___ DATA LISTING ___
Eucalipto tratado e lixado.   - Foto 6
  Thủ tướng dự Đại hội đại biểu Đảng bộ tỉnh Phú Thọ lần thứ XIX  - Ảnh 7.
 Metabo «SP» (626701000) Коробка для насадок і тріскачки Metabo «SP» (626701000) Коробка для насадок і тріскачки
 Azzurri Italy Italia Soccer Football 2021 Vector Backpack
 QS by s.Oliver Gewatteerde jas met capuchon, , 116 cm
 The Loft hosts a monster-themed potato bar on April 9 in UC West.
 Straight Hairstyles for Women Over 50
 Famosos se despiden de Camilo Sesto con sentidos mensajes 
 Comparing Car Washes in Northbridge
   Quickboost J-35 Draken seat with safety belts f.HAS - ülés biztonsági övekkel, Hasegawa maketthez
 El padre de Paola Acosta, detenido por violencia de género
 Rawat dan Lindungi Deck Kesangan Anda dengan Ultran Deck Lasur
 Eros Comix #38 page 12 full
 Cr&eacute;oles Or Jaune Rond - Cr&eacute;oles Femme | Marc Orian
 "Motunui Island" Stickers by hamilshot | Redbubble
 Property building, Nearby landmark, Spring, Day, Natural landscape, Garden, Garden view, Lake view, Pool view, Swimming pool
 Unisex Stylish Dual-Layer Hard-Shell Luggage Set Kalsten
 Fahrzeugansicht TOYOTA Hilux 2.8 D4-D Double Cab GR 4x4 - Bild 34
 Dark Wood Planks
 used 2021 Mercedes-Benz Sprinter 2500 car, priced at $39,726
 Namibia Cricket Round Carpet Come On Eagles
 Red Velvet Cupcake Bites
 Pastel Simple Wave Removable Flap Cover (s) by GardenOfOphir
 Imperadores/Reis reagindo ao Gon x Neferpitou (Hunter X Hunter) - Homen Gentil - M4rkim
___
# TASK REQUIREMENTS
Up to and including the line with "Dark Wood Planks", transcribe the entries above exactly, starting from their first line.

# TASK RESPONSE
Eucalipto tratado e lixado.   - Foto 6
  Thủ tướng dự Đại hội đại biểu Đảng bộ tỉnh Phú Thọ lần thứ XIX  - Ảnh 7.
 Metabo «SP» (626701000) Коробка для насадок і тріскачки Metabo «SP» (626701000) Коробка для насадок і тріскачки
 Azzurri Italy Italia Soccer Football 2021 Vector Backpack
 QS by s.Oliver Gewatteerde jas met capuchon, , 116 cm
 The Loft hosts a monster-themed potato bar on April 9 in UC West.
 Straight Hairstyles for Women Over 50
 Famosos se despiden de Camilo Sesto con sentidos mensajes 
 Comparing Car Washes in Northbridge
   Quickboost J-35 Draken seat with safety belts f.HAS - ülés biztonsági övekkel, Hasegawa maketthez
 El padre de Paola Acosta, detenido por violencia de género
 Rawat dan Lindungi Deck Kesangan Anda dengan Ultran Deck Lasur
 Eros Comix #38 page 12 full
 Cr&eacute;oles Or Jaune Rond - Cr&eacute;oles Femme | Marc Orian
 "Motunui Island" Stickers by hamilshot | Redbubble
 Property building, Nearby landmark, Spring, Day, Natural landscape, Garden, Garden view, Lake view, Pool view, Swimming pool
 Unisex Stylish Dual-Layer Hard-Shell Luggage Set Kalsten
 Fahrzeugansicht TOYOTA Hilux 2.8 D4-D Double Cab GR 4x4 - Bild 34
 Dark Wood Planks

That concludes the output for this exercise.